- Born: 1938 or 1939 (age 86–87) Queens, New York City, USA

Academic background
- Education: BSc, Chemical Engineering, 1963, Massachusetts Institute of Technology PhD, Princeton University

Academic work
- Institutions: University of Wisconsin–Madison University of Delaware Illinois Institute of Technology North Carolina State University Ohio State University

= Stuart L. Cooper =

American engineer

Stuart L. Cooper is an American engineer. As a Full Professor and Chair of Ohio State University's Department of Chemical and Biomolecular Engineering, Cooper was elected to the National Academy of Engineering in 2011.

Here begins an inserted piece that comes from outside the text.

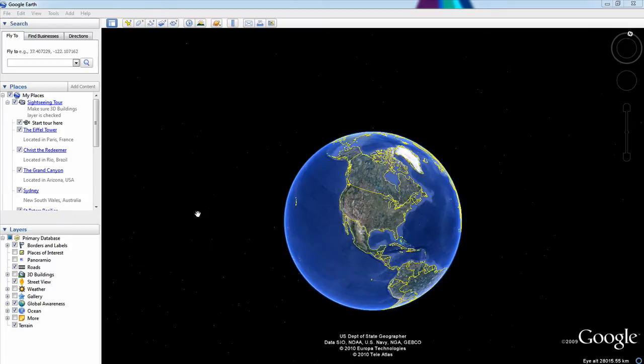Hello! Do you have Google Earth? Well, if you do have Google Earth, did you know you also have Flight Simulator?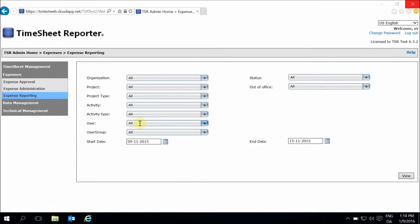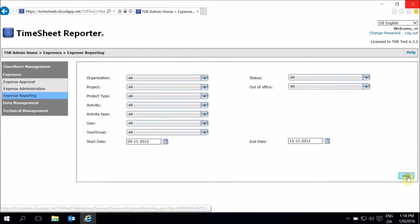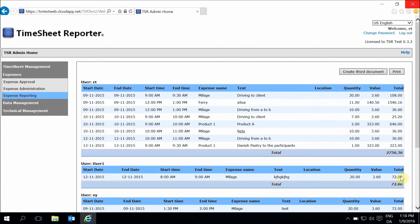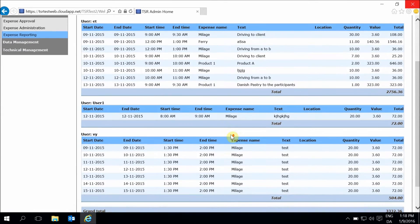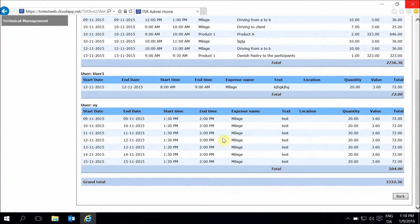Select the search criteria that you want, and then click View. This report will show you how many and which expenses have been registered by your individual users, as well as the total.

==Early life and education==
Cooper was raised in Queens, New York City. He earned his Bachelor of Science degree in chemical engineering from the Massachusetts Institute of Technology and his Ph.D. from Princeton University.

==Career==
Following his PhD, Cooper joined the faculty at the University of Wisconsin–Madison (UW–Madison) and served as chair of its department of chemical engineering from 1983 to 1989. Prior to his appointment as chair, Cooper was selected as a Fellow of the American Physical Society for his success in the field of chemical engineering. While serving as chair, Cooper focused his research on the interaction of blood and the synthetic materials. He was specifically interested in the development of materials that could minimize blood clot formation on artificial organs. As such, Cooper received the 1987 Clemson Award for Basic Research by the Society for Biomaterials and the 1987 American Institute of Chemical Engineers' Materials Engineering and Sciences Division Award. In 1988, Cooper was appointed the inaugural co-editor of the Journal of Biomaterials Science, Polymer Edition. Following his resignation as chair, Cooper was named the Paul A. Elfers Professor of Chemical Engineering at UW–Madison.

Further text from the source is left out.